(SUPPLIED DATA Opens)

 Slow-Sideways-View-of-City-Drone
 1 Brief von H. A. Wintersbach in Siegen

(SUPPLIED DATA Closes)
(SUPPLIED DATA Opens)

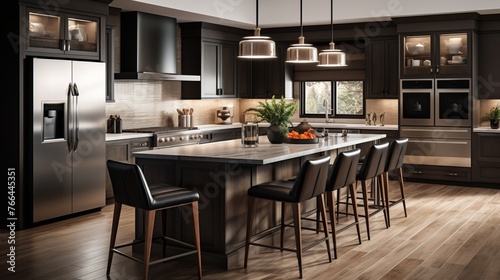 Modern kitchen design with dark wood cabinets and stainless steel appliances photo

(SUPPLIED DATA Closes)

*TO DO*
Once the line with "Slow-Sideways-View-of-City-Drone" is found in the records above, print exactly that line and every line after it through the line with "1 Brief von H. A. Wintersbach in Siegen".

*SOLUTION*
 Slow-Sideways-View-of-City-Drone
 1 Brief von H. A. Wintersbach in Siegen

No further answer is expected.